TASK OBJECTIVE → Lines before the one containing "SOFA-RETRATIL-3-LUGARES-GRAFITE-FLIX_ST1" are left out; that line and every line after it, through the end of the records, are to be reproduced exactly.

[Dataset items]
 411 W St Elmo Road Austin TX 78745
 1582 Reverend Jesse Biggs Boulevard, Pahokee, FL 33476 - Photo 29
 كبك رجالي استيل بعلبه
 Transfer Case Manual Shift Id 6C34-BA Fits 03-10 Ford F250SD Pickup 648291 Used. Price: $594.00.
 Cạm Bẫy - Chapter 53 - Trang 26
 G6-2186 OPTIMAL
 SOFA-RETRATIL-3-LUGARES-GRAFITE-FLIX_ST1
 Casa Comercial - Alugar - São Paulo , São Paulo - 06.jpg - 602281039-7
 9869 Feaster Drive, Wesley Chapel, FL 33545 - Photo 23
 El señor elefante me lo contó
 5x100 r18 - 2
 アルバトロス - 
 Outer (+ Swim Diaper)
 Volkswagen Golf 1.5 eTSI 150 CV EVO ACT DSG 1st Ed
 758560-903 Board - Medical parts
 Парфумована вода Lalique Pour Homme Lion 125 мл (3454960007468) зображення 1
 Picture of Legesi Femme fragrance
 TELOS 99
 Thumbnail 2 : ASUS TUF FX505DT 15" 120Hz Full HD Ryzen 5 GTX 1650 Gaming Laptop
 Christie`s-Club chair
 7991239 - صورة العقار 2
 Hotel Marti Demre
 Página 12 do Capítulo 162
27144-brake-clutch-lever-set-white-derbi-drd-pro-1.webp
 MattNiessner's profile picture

SOLUTION TO THE PROBLEM →
 SOFA-RETRATIL-3-LUGARES-GRAFITE-FLIX_ST1
 Casa Comercial - Alugar - São Paulo , São Paulo - 06.jpg - 602281039-7
 9869 Feaster Drive, Wesley Chapel, FL 33545 - Photo 23
 El señor elefante me lo contó
 5x100 r18 - 2
 アルバトロス - 
 Outer (+ Swim Diaper)
 Volkswagen Golf 1.5 eTSI 150 CV EVO ACT DSG 1st Ed
 758560-903 Board - Medical parts
 Парфумована вода Lalique Pour Homme Lion 125 мл (3454960007468) зображення 1
 Picture of Legesi Femme fragrance
 TELOS 99
 Thumbnail 2 : ASUS TUF FX505DT 15" 120Hz Full HD Ryzen 5 GTX 1650 Gaming Laptop
 Christie`s-Club chair
 7991239 - صورة العقار 2
 Hotel Marti Demre
 Página 12 do Capítulo 162
27144-brake-clutch-lever-set-white-derbi-drd-pro-1.webp
 MattNiessner's profile picture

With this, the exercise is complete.